### Task data
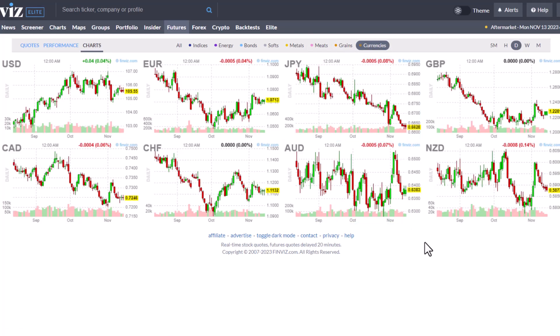We get into the grains and the currencies. These are the currency futures - this is not Forex, this is not foreign exchange. This is the currency futures. We are going to go into the Forex tab next, and it is going to be different. These are the currency futures because we are in the futures tab.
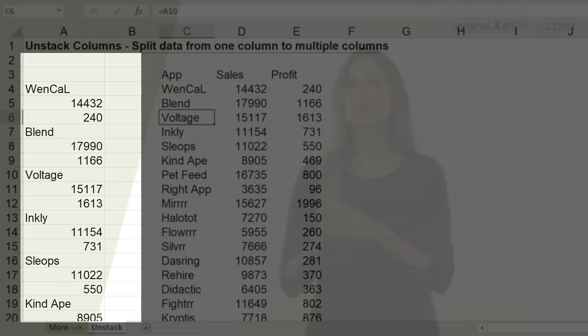If you try to unstack data in Excel from one column to multiple columns, you've probably noticed it's not as easy as you might have thought. You might Google it and find many different solutions, starting from VBA to Power Query to Control-Shift-Enter array formulas, index formulas, and even Excel add-ins that get the job done.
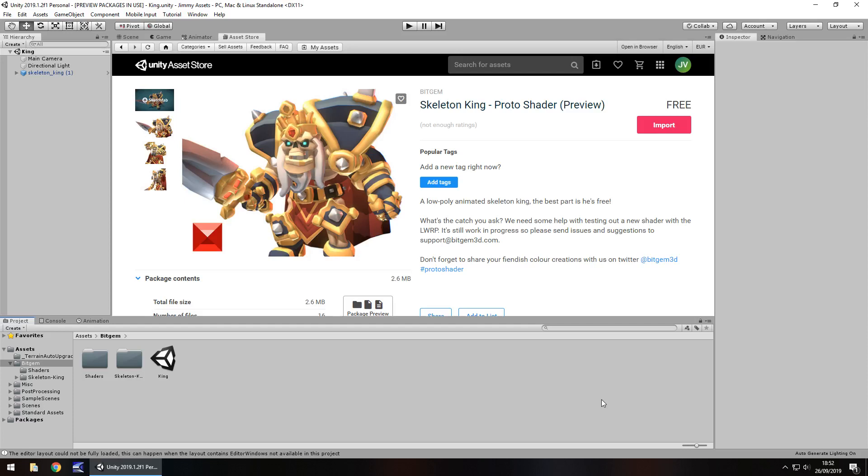Hey guys, Jimmy Vegas here and today we're taking a look at an asset in the Unity Asset Store simply called Skeleton King.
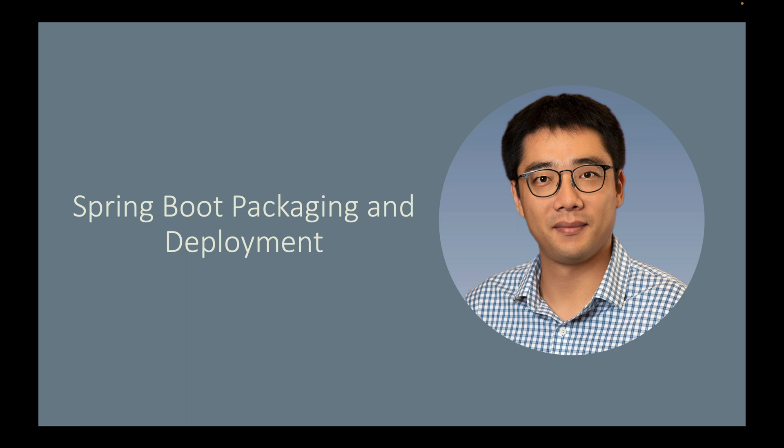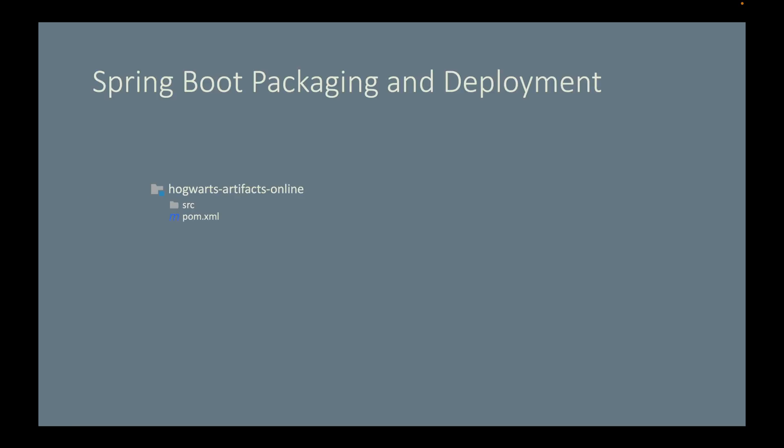Up until now we have developed several features for the Hogwarts artifacts online Spring Boot application. We will add more features to this application in the future, but now let's switch gears and talk about packaging and deployment.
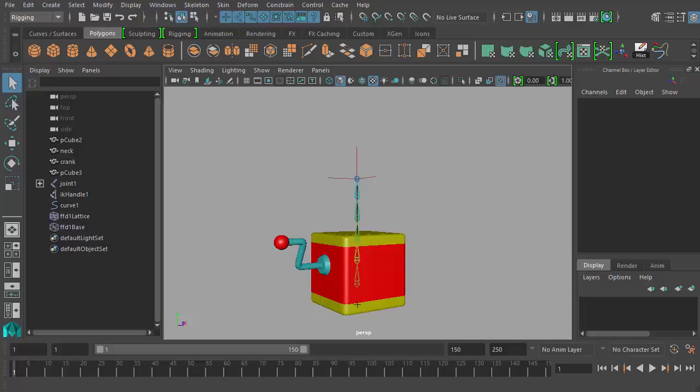Hello, welcome back to our beginners 3D animation course in Maya. In this part of the course, we're going to be continuing our jack-in-the-box animation.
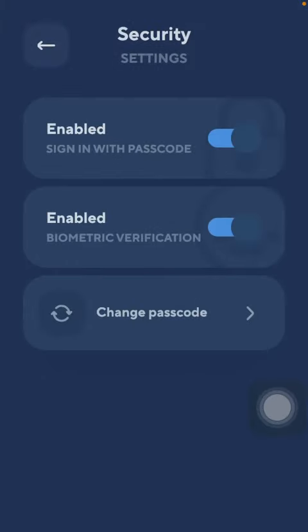So now this function has been turned on for this application. So if you would like to sign in, you will need this passcode that you have just set up. So that's pretty much it for this video.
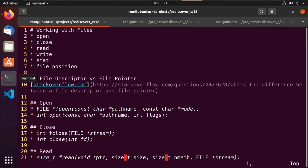Hey guys, this is Ron. This is video 12 in our series on rediscovering the C programming language. In this video we're going to be talking about working with files — we're going to learn to open files, close files, read from and write to them, get some status information about a file, and then discuss how to figure out your file position.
######
● Required action: Would you output the data exactly, without any of its images?

● Result of the task:
We get into the grains and the currencies. These are the currency futures - this is not Forex, this is not foreign exchange. This is the currency futures. We are going to go into the Forex tab next, and it is going to be different. These are the currency futures because we are in the futures tab.
If you try to unstack data in Excel from one column to multiple columns, you've probably noticed it's not as easy as you might have thought. You might Google it and find many different solutions, starting from VBA to Power Query to Control-Shift-Enter array formulas, index formulas, and even Excel add-ins that get the job done.
Hey guys, Jimmy Vegas here and today we're taking a look at an asset in the Unity Asset Store simply called Skeleton King.
Up until now we have developed several features for the Hogwarts artifacts online Spring Boot application. We will add more features to this application in the future, but now let's switch gears and talk about packaging and deployment.
Hello, welcome back to our beginners 3D animation course in Maya. In this part of the course, we're going to be continuing our jack-in-the-box animation.
So now this function has been turned on for this application. So if you would like to sign in, you will need this passcode that you have just set up. So that's pretty much it for this video.
Hey guys, this is Ron. This is video 12 in our series on rediscovering the C programming language. In this video we're going to be talking about working with files — we're going to learn to open files, close files, read from and write to them, get some status information about a file, and then discuss how to figure out your file position.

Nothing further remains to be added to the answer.